Harold Meyerson gets it:
What's been missing in America's trade policy is a preference for Americans. The object of trade in China is to help the Chinese nation. German trade is designed to help Germany; Scandinavian, to help the Scandinavian nations. This is not the case here. General Electric goes abroad to lower costs and boost profits. Goldman Sachs invests abroad in the same kind of low-wage, high-profit enterprises. That's the mission of such businesses. But the U.S. government has never taken on the mission of defending the American economy, or the American people, in the global economy. That is not the only reason the broadly shared prosperity of the three decades following World War II is now a distant memory, but it is a certainly a major reason.
Of course, that sentiment is something "liberal" Brad DeLong disagrees with since he likes trade policy that helps folks elsewhere, even if it comes at the expense of domestic workers.

A comment in the thread for that OpEd reads:
When I was in France one of my teachers explained the difference between the anglo countries (UK and USA) and the non-anglo countries (the non-English speaking western European countries). And I think he is correct.

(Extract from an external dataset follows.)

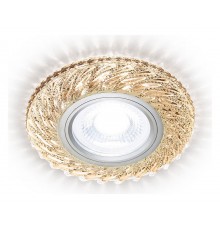 Встраиваемый светильник Ambrella Light S295 CH/WR S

In the non-anglo countries, the middle class has a strong class identity. They know who they are and they watch out for their interests. Most have recently been hurt by nobility and there is a recent history of strikes and revolutions. If you read LeMond you see the constant strikes and the constant struggle for wages and decent living standards.

In the anglo countries, the middle class has no class awareness. Only the aristocracy is aware of the class structure of the society - and they tell the peons that the peons live in a classless society. And the peons buy into it.

In this situation, the anglo aristocracy is very successful at watching out for the interests of their class. They sooth the peons over the great inequality in wealth that exists in anglo society by saying that some of the wealth will "trickle down" .... someday.
Is that true? It's certainly true that when people talk the way Meyerson does, they are often attacked for waging "class warfare" (which is seen as the precursor for a socialist agenda), especially by the right wing media.